Louisville, Kentucky
By: Marty Finley
A Florida real estate investment firm has one of Louisville’s largest downtown office towers under contract and should close on the acquisition later this month. Kirk Cypel, CEO of Lake Worth, Fla.based In-Rel Properties, said his firm plans to close on the purchase of the 26-story Meidinger Tower on South Fourth Street by late April. The current owner is New York-based DOF IV Meidinger Tower LLC, which purchased the tower in 2013 for $16.6 million in a foreclosure sale. Cypel declined to disclose the negotiated purchase price. The building ranked sixth on Louisville Business First’s largest office buildings list for 2016 based on leasable square footage, with roughly 331,000 square feet.

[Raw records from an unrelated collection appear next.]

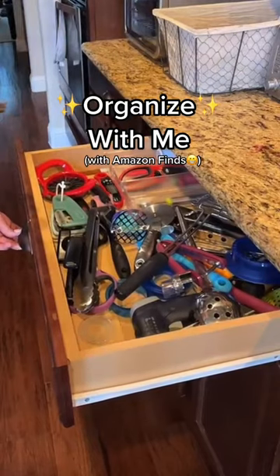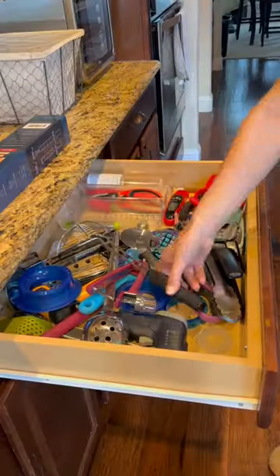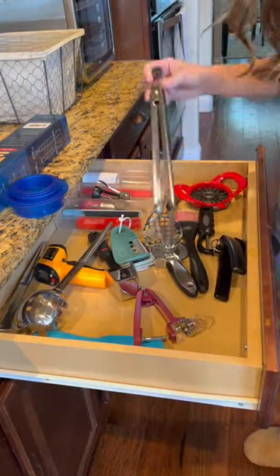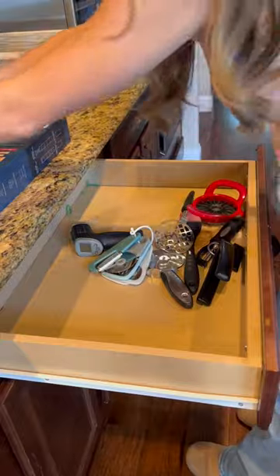Organize with me today with this Amazon find right here that was worth every penny. First, we gotta lightly declutter broken and useless items in the drawer, then remove everything so we can wipe it clean and start fresh.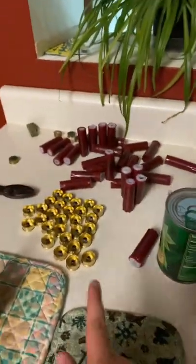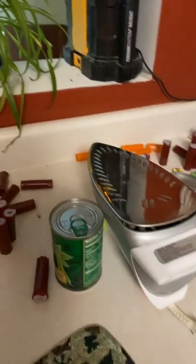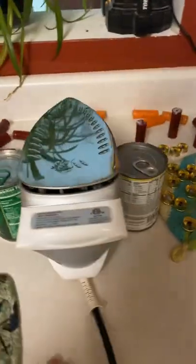So we are taking the brass off of shotgun shells, and yes, I do have a lot done. First you're gonna have to put it at four or five — I put it at five. Stabilize it with cans or whatever you want.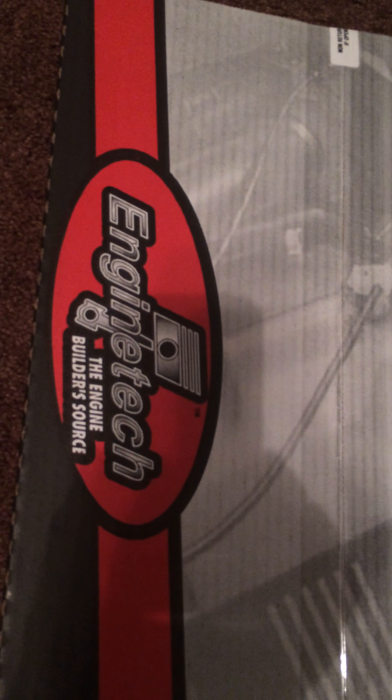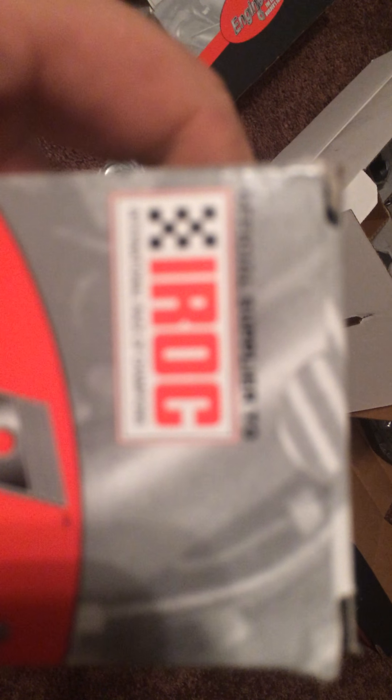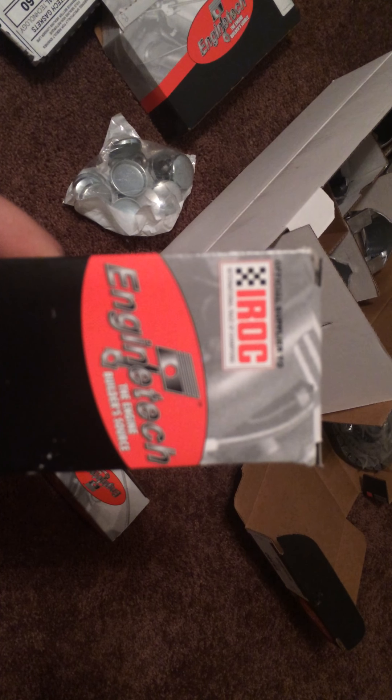It's a brand you can get on eBay. They say that they supply to IROC — official supplier to IROC.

The building has a mix of professional firms and technologically inclined companies, including Computershare Inc., Mountjoy Chilton Medley LLP, River Road Asset Management LLC, Northwestern Mutual and Seiller Waterman LLC. Louisville Business First also is a tenant. The tower is managed by Louisville-based NAI Fortis Group, which will be retained by In-Rel Properties as property manager if the deal goes through, Cypel said. “They’ve done a good job with the building,” he said. Jon Seiz, president of NAI Fortis Group, said the building is 96.7 percent leased. This will be In-Rel’s first Louisville acquisition, but second in Kentucky. The firm owns the 238,000-square-foot Chase Tower in downtown Lexington.
Cypel said his firm feels strongly about the Louisville market as it has watched it evolve over the past several years. He said the city is moving in an interesting direction with the completed construction of the Ohio River Bridges Project, the renovation and expansion of the Kentucky International Convention Center downtown and new hotel and residential developments in the works.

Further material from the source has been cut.